Do you have some garden plans?
*Susun Weed, Wise Woman Herbal for the Childbearing Year, Ash Tree Publishing: Woodstock, New York, 1986, p. 2
**Stephen Orr, The New American Herbal, Crown Publishing Group, New York, 2014, p. 330
In late April of 2012 we visited Windmill Island Gardens in Holland Michigan. The park wasn’t due to open quite yet, but the tulips were early and we were fortunate to see the gardens in full bloom.
Tulips have so many varied colors. It it a tribute to the Creator of all flowers.
The news and politics can weigh heavy on my mind, but God makes rest and joy available in nature. I have some tulips blooming in my yard– and happy memories of Windmill Island.
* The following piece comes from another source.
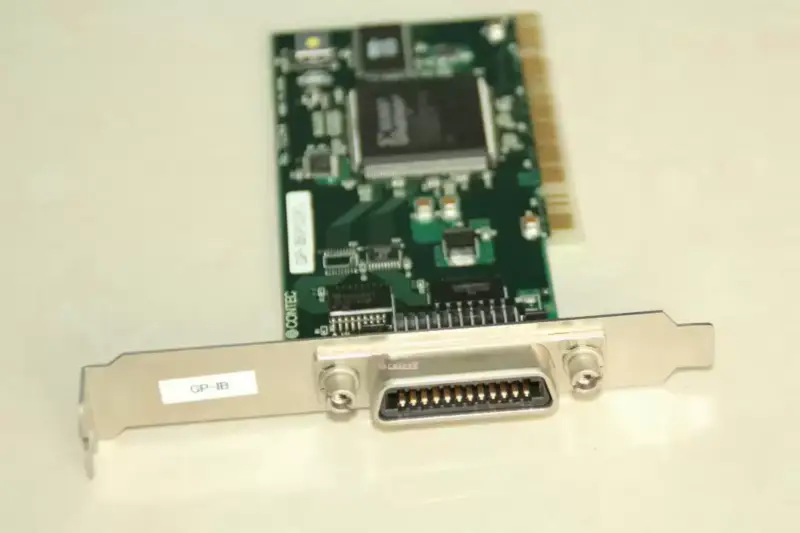 CONTEC GP-IB(PCI)FL GPIB-Karte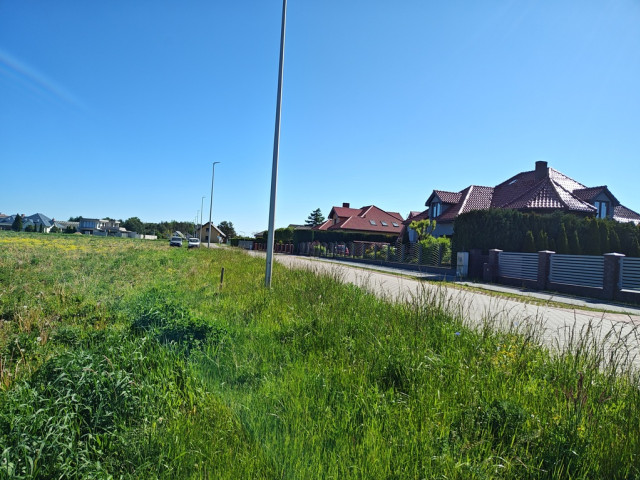 Działka Sprzedaż Przybiernów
When I go out to the garden the noise and rush of the world comes to a pause. Now the peony stems and buds are poking through the soil. The lilacs are beginning to bloom and I see the promise of berries on bushes and strawberry plants.
The poem by Winifred Mary Letts (1882 – 1972) makes me smile.
That God once loved a garden we learn in Holy Writ. And seeing gardens in the Spring I well can credit it.
It is easier follow the guidance given in Philippians while working in the garden.
Whatever is true, whatever is honorable, whatever is just, whatever is pure, whatever is lovely, whatever is commendable, if there is any excellence, if there is anything worthy of praise, think about these things. Philippians 4:8
Can you imagine what it was like for Adam and Eve to talk with God in the first garden?